I doubt either type will be suitable for what you want.

The capacitive charger is not suited for anything above 5-10Amps RMS.

The PFC charger can be made for those power levels, but I assume you know the theory behind PFC boost converters. 
The typical output voltage is 380-415V. Is this suitable for you?

If not you may want to have a look at the 12KW open source charger


----------



## alvin (Jul 26, 2008)

jackbauer said:


> I did some experiments with the cap charger a few years back including 3 phase input and control via ssr. The best method to make it programmable is one of there :
> http://www.lightobject.com/Programm...th-dual-control-Good-for-HHO-System-P407.aspx
> 
> The two control relays can be setup to switch solid states. One drops the current to the termination current and the other kills power once the cv voltage is reached the second time.

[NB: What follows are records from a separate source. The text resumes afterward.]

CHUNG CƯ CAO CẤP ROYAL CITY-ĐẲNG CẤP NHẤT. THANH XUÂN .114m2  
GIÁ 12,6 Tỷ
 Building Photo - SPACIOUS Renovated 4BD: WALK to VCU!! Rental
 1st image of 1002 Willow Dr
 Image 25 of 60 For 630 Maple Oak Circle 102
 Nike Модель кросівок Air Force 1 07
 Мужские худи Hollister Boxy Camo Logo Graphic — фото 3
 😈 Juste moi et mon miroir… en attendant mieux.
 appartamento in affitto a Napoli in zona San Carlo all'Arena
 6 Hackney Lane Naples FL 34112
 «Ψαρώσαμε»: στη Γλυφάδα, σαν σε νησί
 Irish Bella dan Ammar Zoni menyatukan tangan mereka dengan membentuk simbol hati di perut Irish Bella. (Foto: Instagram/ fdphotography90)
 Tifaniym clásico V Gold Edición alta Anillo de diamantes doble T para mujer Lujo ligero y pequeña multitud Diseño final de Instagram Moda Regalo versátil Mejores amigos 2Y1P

I watched your videos about that. Do you still use it to charge?

Alvin


----------



## cts_casemod (Aug 23, 2012)

jackbauer said:


> I did some experiments with the cap charger a few years back including 3 phase input and control via ssr. The best method to make it programmable is one of there :
> http://www.lightobject.com/Programm...th-dual-control-Good-for-HHO-System-P407.aspx
> 
> The two control relays can be setup to switch solid states. One drops the current to the termination current and the other kills power once the cv voltage is reached the second time.



ALWAYS USE A CONTACTOR and a good quality one.
The inductive load is enough to weld the contacts of a small relay or damage a SS switch and if this happens the charge wont stop until something burns out.

Also for someone trying this a fuse BEFORE and another one AFTER the bridge rectifier is mandatory.

Using the right inductor or a mixture of inductor/capacitors will reduce the peaks substantially


----------